Sin Filtro: Crónica de una “Antiexposición” por Dailey Fernandez

¿Qué pasa si abrimos un espacio a todos? (Realmente a todos) ¿Responderían a la convocatoria? Y lo más importante: ¿Quiénes y por qué? Y si responden muchos… ¿cómo organizar lo que comparten en el espacio mutante de SAREAN? ¿Es realmente una antiexposición?

Estas fueron solo algunas de las dudas, y al mismo tiempo motivaciones para proponer una intervención sin filtros de ningún tipo. Una vez más quería experimentar un proceso incierto en una ciudad todavía poco asimilada, dejarlo todo (o casi todo) a la suerte, al azar, y a la voluntad de la gente que quisiera colaborar. Poco menos de un mes antes de la apertura del espacio al público, se lanzó la convocatoria incitando a todo tipo de personas de la comunidad, y también de fuera, a compartir desde un objeto de valor, una manualidad, hasta una selfie.

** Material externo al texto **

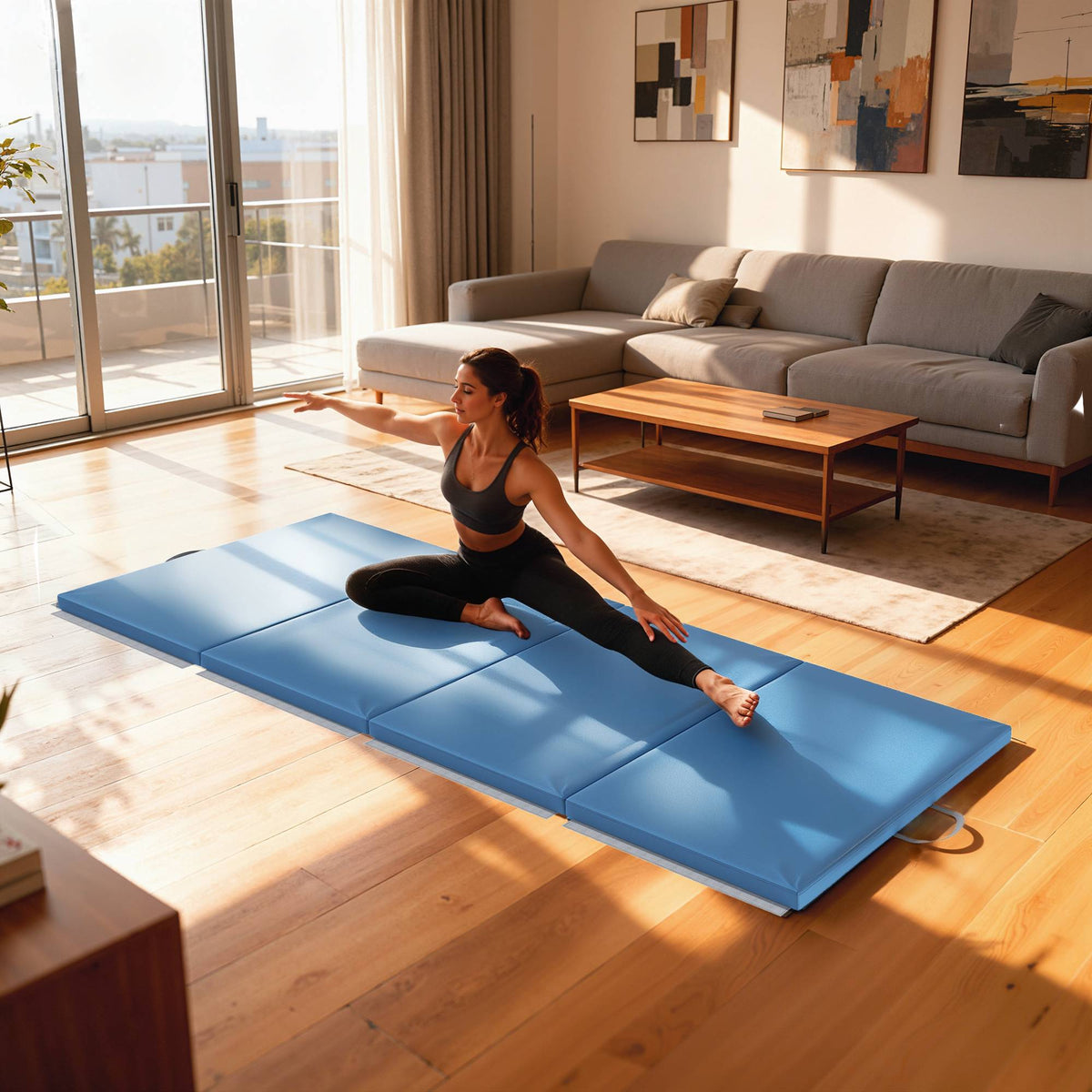 Foldable Fitness Mat with Handles, 240x120x5 cm, Light Blue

Los primeros en responder fueron los artistas muy jóvenes o recién graduados de Bellas Artes que había conocido tanto en Iruñea
como en Bilbao. Muchos, a pesar de los años en el círculo del arte, colgaban su primer cuadro… Otros agradecían una oferta irreverente ante. Pero también hubo quienes tuvieron sus reservas y no se arriesgaron; lo cual es totalmente comprensible ante un proyecto de estas características.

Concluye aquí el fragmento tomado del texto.